A stunning new image captured by NASA’s Juno spacecraft has revealed a fresh look at the whirlpool of clouds high above Jupiter.
The spacecraft completed its 16th close flyby of the giant planet this past October, revealing some of our best glimpses yet at its fascinating atmospheric processes.
According to the space agency, the latest photo was captured during its closest approach of the flyby, at about 2,100 miles (3,400 kilometers) above the cloud tops of Jupiter’s North Equatorial Belt.
The image was taken just after 5:00 p.m. EDT on October 29th, during Juno’s 16th flyby.
At the time, NASA says Juno was ‘about as close to Jupiter as San Francisco is to Chicago.’ This, the agency notes, ‘is quite close when racing over a planet that’s 11 times wider than Earth.’

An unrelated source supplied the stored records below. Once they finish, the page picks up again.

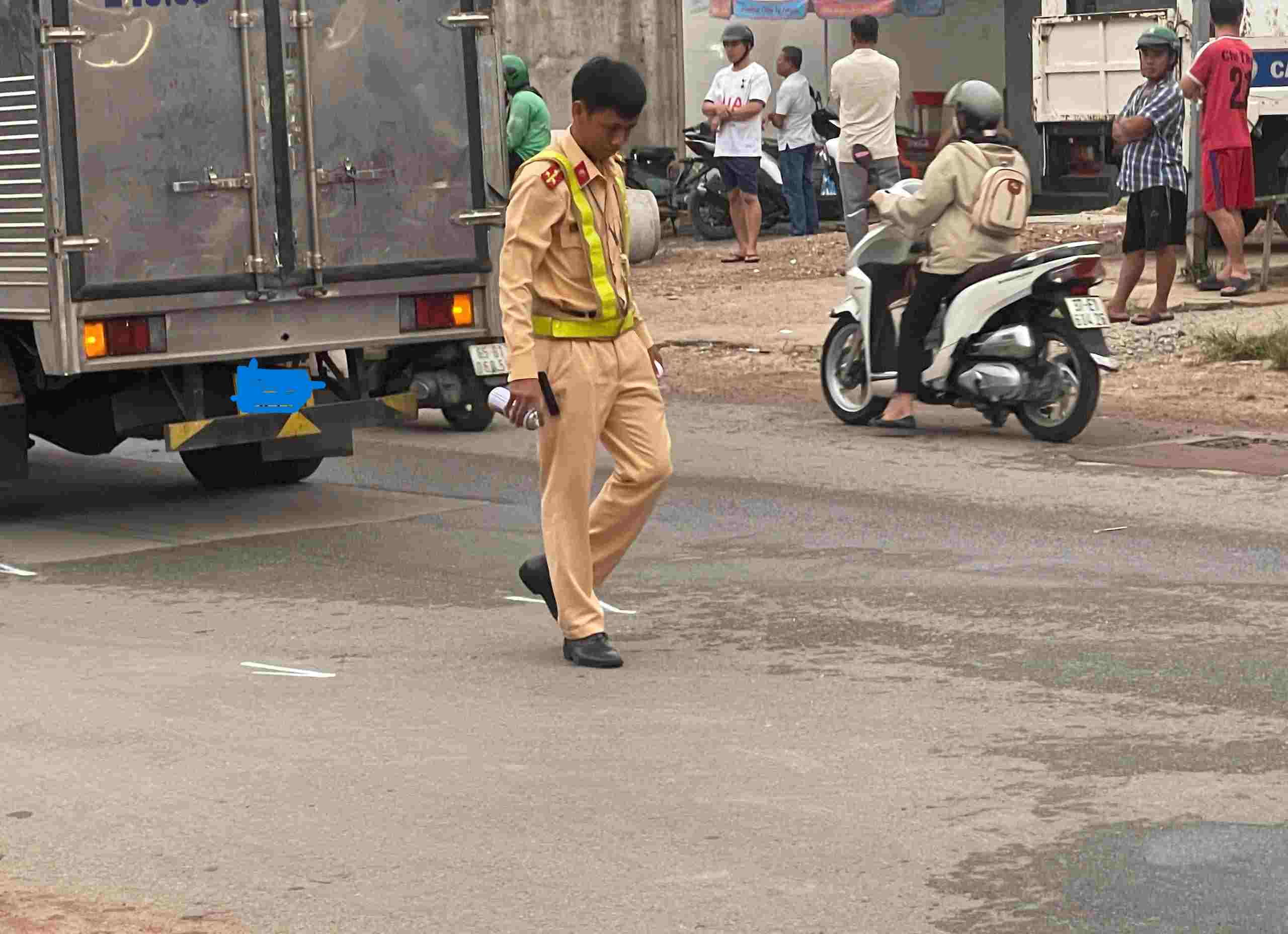 Cong an dang dieu tra lam ro vu tai nan.Anh: Dinh Trong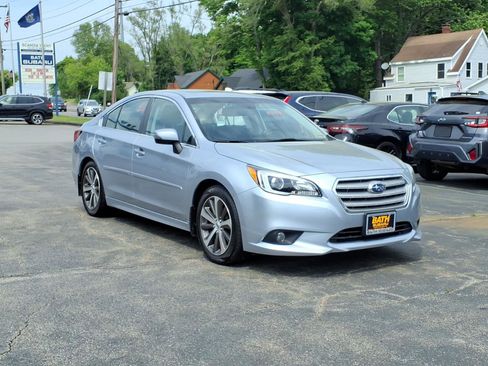 Used 2016 Subaru Legacy 2.5i Limited AWD/4WD image 3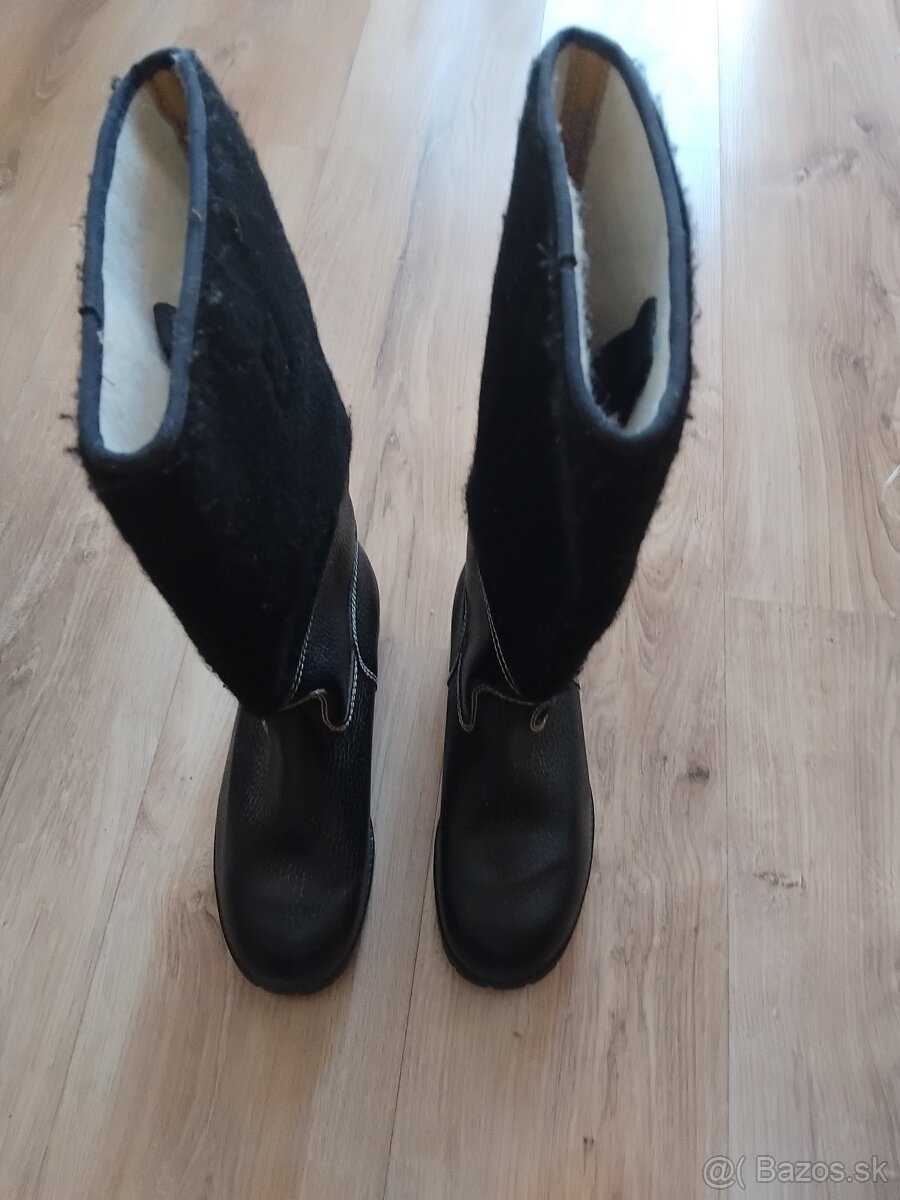 Pracovne kožené čižmy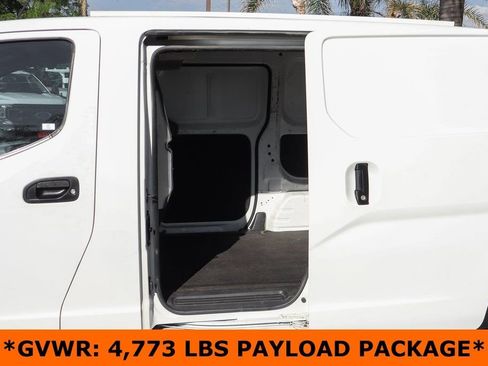 Used 2018 Nissan NV200 S w/ Cruise Control Package image 5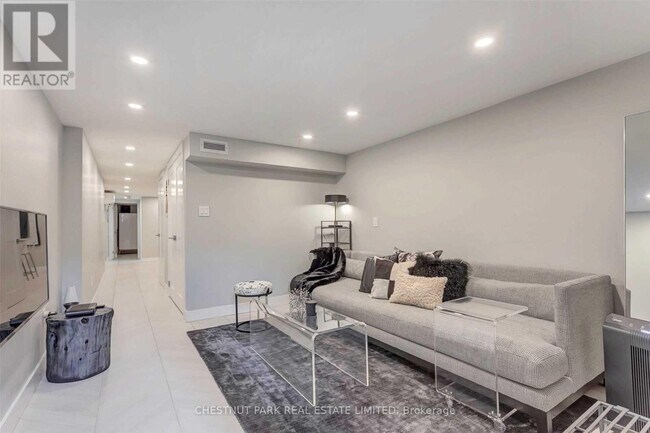 Photo - 132 Shaw St Unit C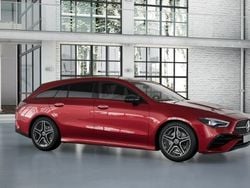 Röd (röd metallic) Ny 2025 Mercedes CLA200 Shooting Brake AMG Kombi | 463 000 kr (Lite dyr)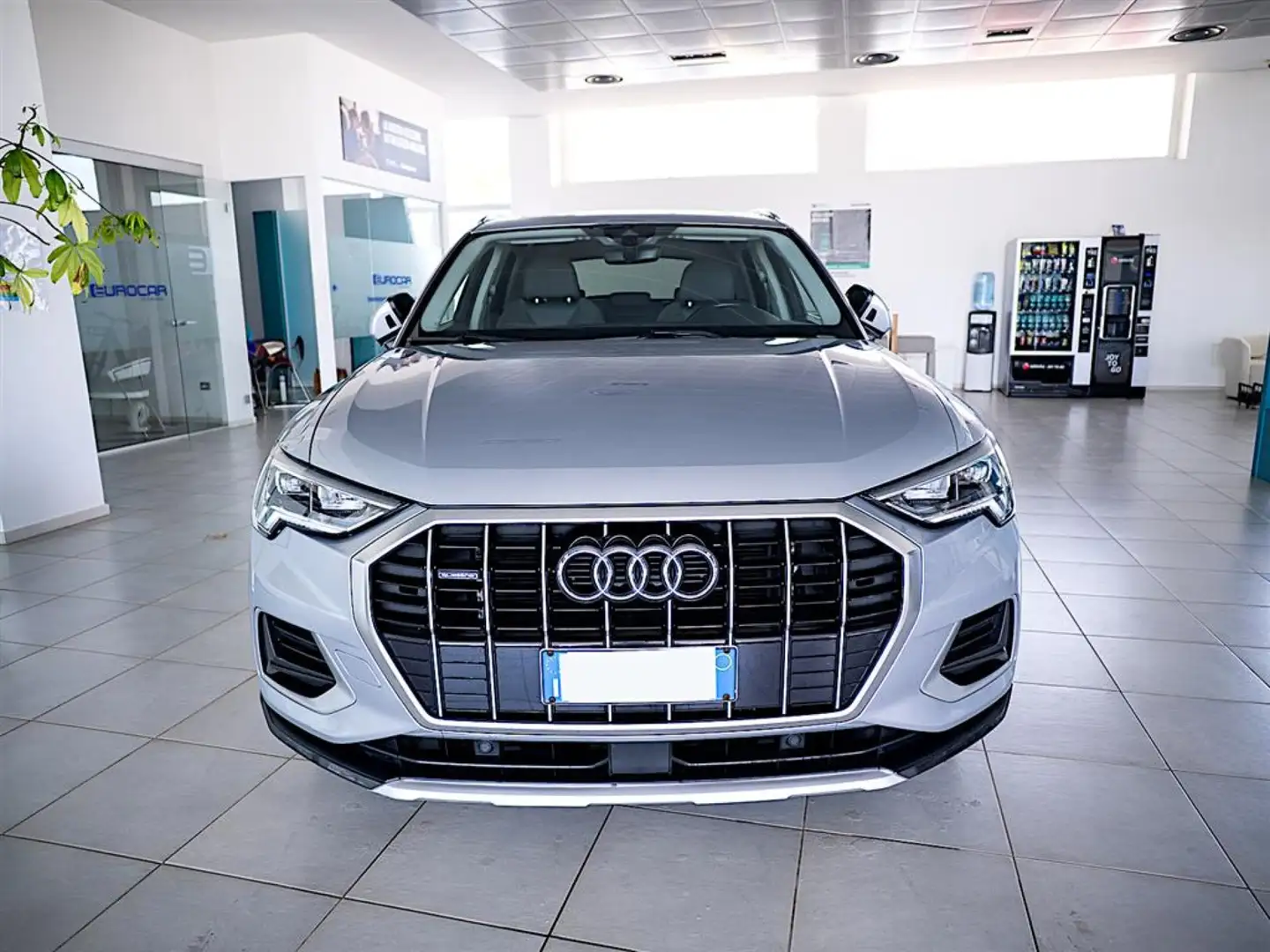 Audi Q3 40 TDI quattro advanced 36 MESI DI GARANZIA Gris - 2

The image was processed by citizen scientist Björn Jónsson, who used data from the craft’s JunoCam to create the captivating color-enhanced view of the clouds.
Last week, NASA shared a look at another stunning feature spotted during Juno’s 16th flyby – a huge cloud that takes on the appearance of a dolphin.
The cloud was spotted amid bands of clouds spanning the planet’s southern hemisphere back in October, when Juno came about 11,400 to 31,700 miles (18,400 to 51,000 kilometers) from the planet’s cloud tops.
According to NASA, the images were taken between 5:26 p.m. and 5:46 p.m. ET on October 29.
They were later processed by citizen scientists Brian Swift and Seán Doran.
The image shows the ‘changing cloud formations across Jupiter’s southern hemisphere,’ NASA explains.
‘A cloud in the shape of a dolphin appears to be swimming through the cloud bands along the South Temperate Belt.’
The Juno mission has been churning out stunning photos of the gas giant planet ever since it arrived to its orbit in 2016.
Last month, NASA shared another look at its swirling clouds, which take on dream-like appearance of an oil painting. The photo showed storms in Jupiter’s dynamic North North Temperate Belt.
‘Appearing in the scene are several bright-white ‘pop-up’ clouds as well as an anticyclonic storm, known as a white oval,’ NASA said.
‘A multitude of magnificent, swirling clouds in Jupiter’s dynamic North North Temperate Belt are captured.’
It captures the intensity of the jets and vortices in Jupiter’s North North Temperate Belt. The clouds are likely made of ammonia-ice crystals, or possibly a combination of ammonia ice and water, NASA says.